### WHAT IS NEEDED
Your response should consist of the entire listing, transcribed exactly, with every image left out.

### EXERCISE DATA

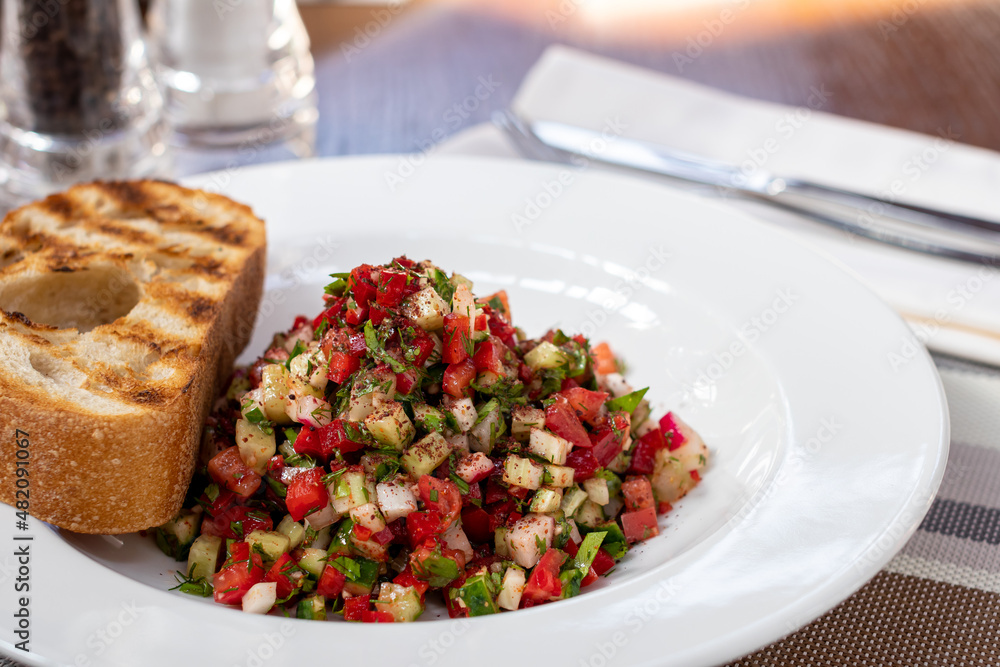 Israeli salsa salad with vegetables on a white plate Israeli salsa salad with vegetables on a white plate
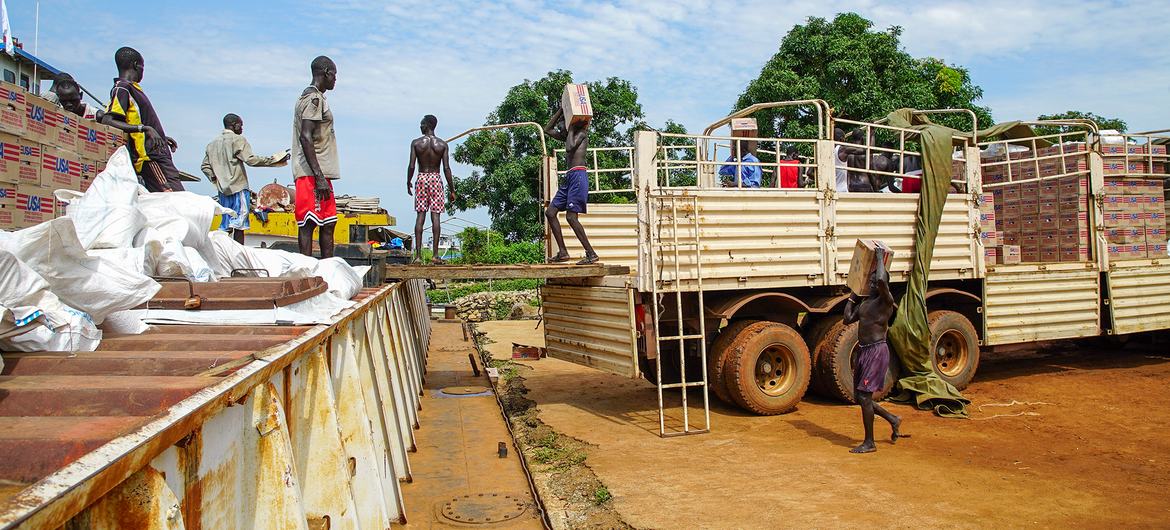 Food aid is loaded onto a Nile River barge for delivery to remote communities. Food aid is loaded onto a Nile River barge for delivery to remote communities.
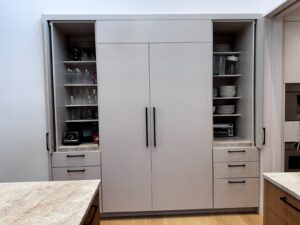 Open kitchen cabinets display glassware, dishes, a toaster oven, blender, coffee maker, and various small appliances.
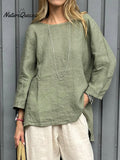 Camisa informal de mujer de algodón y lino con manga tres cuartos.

### COMPLETED EXERCISE
 Israeli salsa salad with vegetables on a white plate Israeli salsa salad with vegetables on a white plate
 Food aid is loaded onto a Nile River barge for delivery to remote communities. Food aid is loaded onto a Nile River barge for delivery to remote communities.
 Open kitchen cabinets display glassware, dishes, a toaster oven, blender, coffee maker, and various small appliances.
 Camisa informal de mujer de algodón y lino con manga tres cuartos.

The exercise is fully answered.